§ Your instructions
Please give back only the lines below from the one containing "2016 CHEVROLET CRUZE" to the one containing "Adidas Bermuda ‘Collegiate", each repeated word for word, both ends included.

§ Stored data
------------

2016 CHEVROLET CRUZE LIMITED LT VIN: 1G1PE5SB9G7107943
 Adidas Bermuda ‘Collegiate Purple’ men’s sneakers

------------

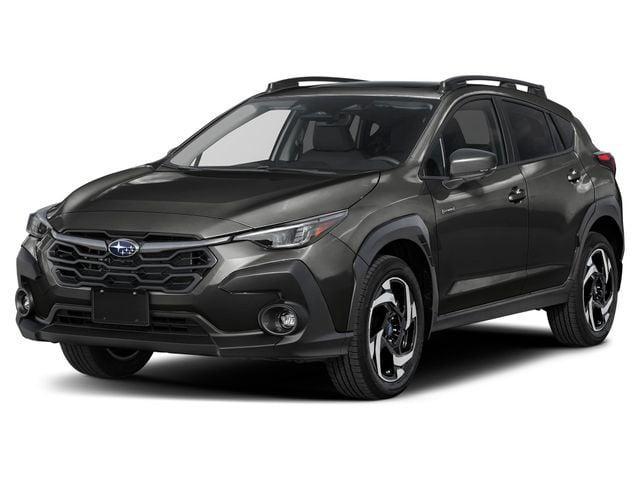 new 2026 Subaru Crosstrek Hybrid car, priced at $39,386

------------

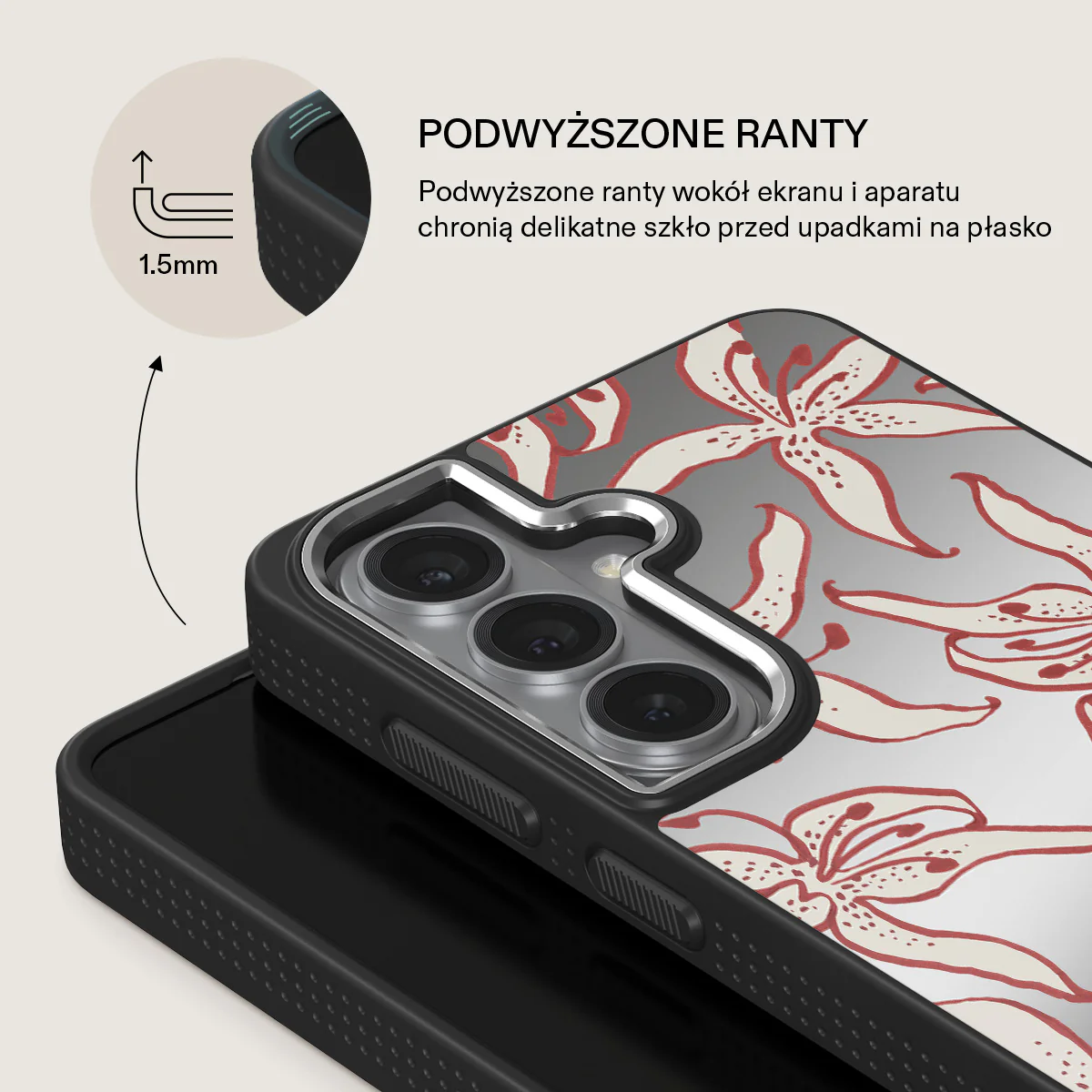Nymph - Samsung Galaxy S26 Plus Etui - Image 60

------------

§ Result
2016 CHEVROLET CRUZE LIMITED LT VIN: 1G1PE5SB9G7107943
 Adidas Bermuda ‘Collegiate Purple’ men’s sneakers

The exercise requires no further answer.